#### EXERCISE PROMPT:
Where a line of the data below has the string "illustration", copy that line.

── STORED DATA

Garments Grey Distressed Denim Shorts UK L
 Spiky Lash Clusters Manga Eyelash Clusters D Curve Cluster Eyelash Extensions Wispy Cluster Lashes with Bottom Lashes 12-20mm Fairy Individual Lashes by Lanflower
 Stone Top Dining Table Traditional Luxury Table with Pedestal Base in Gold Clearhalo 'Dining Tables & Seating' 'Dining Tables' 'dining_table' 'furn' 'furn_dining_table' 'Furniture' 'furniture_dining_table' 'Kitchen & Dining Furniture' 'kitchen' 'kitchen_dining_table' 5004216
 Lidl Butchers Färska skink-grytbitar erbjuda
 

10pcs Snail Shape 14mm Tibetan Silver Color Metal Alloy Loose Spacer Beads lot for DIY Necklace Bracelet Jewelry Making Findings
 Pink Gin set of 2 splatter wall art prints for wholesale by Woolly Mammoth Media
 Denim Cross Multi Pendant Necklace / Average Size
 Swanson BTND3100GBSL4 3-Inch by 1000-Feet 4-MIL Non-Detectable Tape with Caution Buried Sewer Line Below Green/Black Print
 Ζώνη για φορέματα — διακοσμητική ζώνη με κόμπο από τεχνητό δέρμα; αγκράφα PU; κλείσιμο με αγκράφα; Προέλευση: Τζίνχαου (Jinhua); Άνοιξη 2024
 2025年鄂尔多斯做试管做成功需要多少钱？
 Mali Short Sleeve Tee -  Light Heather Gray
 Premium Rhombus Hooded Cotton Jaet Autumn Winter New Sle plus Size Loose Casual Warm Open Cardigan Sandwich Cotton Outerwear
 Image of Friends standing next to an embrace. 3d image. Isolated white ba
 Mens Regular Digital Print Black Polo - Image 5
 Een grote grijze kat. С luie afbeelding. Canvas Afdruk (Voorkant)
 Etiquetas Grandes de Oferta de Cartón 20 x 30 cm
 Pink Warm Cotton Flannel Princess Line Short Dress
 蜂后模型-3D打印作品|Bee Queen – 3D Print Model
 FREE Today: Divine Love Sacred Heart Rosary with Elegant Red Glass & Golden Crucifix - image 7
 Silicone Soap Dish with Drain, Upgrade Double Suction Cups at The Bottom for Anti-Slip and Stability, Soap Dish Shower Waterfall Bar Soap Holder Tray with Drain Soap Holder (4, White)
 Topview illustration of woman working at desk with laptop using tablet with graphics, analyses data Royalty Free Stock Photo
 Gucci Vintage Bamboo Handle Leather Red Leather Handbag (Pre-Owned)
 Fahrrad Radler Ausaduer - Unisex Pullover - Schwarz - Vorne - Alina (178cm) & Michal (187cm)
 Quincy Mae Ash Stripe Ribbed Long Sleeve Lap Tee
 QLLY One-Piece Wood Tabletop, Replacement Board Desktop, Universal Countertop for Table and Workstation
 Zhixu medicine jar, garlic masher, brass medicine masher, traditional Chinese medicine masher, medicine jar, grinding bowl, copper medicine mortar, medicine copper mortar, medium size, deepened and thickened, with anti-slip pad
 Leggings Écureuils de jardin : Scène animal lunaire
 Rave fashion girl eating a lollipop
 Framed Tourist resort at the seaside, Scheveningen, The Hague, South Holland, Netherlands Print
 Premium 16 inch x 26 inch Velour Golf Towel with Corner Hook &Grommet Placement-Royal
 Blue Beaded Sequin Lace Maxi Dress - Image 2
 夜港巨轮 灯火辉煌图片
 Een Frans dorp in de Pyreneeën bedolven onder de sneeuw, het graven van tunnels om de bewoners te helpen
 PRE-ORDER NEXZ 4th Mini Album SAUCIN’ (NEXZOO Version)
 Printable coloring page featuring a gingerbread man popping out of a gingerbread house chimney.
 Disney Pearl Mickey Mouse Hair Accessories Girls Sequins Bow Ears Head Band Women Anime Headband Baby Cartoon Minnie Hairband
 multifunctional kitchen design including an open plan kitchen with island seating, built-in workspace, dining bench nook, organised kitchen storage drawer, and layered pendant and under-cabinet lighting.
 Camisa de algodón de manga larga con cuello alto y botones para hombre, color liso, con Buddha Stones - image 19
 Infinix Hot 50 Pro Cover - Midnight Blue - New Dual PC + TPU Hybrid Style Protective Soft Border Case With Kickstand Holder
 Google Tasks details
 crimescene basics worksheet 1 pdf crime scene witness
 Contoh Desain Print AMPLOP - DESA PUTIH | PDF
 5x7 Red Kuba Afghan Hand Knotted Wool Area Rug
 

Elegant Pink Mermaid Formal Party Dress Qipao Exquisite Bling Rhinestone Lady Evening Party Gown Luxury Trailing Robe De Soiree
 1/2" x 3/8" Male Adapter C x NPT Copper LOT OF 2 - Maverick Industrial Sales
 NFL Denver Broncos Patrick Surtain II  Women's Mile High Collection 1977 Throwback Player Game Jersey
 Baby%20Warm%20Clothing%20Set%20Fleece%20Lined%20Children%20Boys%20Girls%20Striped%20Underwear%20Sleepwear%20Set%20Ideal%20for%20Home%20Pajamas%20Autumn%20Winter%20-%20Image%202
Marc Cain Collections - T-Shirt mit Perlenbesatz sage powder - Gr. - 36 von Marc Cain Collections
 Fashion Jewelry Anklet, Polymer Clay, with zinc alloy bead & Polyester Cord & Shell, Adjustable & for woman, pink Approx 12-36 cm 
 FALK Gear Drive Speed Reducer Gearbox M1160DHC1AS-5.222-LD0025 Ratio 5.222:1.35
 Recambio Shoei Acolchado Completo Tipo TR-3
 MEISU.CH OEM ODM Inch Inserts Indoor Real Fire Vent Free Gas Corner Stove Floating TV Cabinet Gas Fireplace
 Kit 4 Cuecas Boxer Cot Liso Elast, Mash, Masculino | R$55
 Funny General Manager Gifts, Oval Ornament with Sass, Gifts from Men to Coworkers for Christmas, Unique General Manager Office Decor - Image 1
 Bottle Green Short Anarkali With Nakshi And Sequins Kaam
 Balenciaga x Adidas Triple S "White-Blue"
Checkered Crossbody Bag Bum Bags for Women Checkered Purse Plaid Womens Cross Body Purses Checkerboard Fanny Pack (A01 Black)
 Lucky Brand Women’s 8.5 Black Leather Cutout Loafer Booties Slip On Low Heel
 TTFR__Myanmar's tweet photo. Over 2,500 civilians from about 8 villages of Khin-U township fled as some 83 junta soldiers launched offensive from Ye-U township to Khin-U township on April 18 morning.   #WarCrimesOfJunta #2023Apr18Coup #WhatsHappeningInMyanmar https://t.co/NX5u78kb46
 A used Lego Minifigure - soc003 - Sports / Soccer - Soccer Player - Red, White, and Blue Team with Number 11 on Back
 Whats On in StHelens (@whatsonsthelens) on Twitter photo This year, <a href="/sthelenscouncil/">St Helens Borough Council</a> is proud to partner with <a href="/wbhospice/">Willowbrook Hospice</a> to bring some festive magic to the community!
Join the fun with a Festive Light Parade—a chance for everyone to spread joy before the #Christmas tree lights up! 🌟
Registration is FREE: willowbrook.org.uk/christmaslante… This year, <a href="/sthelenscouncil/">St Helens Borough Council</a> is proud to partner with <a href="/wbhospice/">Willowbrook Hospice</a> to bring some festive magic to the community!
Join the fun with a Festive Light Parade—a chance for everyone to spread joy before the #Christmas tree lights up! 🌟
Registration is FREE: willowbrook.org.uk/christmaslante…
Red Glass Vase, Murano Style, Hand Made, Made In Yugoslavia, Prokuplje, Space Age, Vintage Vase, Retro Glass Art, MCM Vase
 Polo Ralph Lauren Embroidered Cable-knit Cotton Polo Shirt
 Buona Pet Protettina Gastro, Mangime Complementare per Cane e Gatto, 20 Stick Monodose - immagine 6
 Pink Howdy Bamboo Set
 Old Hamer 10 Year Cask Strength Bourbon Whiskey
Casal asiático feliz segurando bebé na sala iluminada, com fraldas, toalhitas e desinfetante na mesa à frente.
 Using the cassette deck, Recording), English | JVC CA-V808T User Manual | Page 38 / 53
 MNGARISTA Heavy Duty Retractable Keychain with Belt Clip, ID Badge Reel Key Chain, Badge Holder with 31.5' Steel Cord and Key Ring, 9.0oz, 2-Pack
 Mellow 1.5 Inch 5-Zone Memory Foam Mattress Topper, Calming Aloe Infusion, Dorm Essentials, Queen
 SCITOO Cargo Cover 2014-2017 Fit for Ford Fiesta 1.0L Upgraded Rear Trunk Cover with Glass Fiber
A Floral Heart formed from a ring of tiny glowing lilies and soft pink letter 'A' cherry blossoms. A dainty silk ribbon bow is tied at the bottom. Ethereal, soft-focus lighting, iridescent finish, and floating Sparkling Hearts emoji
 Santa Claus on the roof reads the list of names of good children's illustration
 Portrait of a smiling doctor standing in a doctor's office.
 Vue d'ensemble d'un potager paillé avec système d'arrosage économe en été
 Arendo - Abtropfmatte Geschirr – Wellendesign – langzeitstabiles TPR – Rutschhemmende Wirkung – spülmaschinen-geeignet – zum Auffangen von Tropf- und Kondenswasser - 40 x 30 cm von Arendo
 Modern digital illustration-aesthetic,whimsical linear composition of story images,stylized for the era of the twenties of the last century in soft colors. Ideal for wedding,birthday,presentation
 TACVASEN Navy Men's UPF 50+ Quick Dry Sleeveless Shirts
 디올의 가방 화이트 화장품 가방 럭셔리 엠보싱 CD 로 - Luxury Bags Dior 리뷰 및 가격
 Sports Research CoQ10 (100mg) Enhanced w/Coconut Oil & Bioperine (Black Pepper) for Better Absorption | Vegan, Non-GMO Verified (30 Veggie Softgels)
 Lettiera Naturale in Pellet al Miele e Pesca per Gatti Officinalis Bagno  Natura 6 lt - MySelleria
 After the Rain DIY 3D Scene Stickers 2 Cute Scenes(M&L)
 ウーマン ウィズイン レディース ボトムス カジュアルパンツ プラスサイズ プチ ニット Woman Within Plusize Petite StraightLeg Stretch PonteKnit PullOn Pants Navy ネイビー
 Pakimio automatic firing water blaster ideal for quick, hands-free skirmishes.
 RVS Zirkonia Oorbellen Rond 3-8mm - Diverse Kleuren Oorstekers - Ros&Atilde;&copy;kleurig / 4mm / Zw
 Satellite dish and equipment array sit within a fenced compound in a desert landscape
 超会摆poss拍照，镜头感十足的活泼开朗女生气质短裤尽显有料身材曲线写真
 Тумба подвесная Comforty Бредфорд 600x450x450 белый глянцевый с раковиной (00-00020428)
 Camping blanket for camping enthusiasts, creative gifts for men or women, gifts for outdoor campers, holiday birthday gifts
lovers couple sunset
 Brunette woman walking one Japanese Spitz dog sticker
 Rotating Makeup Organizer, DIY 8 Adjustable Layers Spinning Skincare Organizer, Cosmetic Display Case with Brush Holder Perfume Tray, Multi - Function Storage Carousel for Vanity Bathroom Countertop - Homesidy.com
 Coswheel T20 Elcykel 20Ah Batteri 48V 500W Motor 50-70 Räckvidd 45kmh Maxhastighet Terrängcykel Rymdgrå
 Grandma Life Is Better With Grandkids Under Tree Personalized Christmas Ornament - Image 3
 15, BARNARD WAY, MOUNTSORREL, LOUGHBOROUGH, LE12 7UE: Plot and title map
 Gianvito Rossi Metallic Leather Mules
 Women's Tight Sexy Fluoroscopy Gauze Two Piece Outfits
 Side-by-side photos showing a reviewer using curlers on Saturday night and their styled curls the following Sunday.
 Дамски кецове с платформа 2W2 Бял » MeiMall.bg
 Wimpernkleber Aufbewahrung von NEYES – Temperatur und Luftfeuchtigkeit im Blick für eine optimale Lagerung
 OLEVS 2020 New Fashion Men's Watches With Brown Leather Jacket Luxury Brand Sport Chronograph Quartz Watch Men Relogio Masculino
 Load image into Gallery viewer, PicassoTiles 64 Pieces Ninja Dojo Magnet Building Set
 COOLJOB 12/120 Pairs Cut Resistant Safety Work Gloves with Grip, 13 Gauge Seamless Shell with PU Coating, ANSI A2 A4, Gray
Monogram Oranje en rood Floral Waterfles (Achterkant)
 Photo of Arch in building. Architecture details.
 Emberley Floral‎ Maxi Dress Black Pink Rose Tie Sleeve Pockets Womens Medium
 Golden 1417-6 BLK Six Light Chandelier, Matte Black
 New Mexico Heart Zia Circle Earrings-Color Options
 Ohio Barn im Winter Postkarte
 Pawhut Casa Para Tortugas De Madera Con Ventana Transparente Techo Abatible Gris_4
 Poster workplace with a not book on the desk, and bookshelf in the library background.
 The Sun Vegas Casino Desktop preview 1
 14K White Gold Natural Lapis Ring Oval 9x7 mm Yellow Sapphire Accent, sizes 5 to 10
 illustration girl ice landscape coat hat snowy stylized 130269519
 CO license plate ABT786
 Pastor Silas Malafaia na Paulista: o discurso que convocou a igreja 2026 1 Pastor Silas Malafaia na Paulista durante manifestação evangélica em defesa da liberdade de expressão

────

#### YOUR SOLUTION:
 Topview illustration of woman working at desk with laptop using tablet with graphics, analyses data Royalty Free Stock Photo
 Santa Claus on the roof reads the list of names of good children's illustration
 Modern digital illustration-aesthetic,whimsical linear composition of story images,stylized for the era of the twenties of the last century in soft colors. Ideal for wedding,birthday,presentation
 illustration girl ice landscape coat hat snowy stylized 130269519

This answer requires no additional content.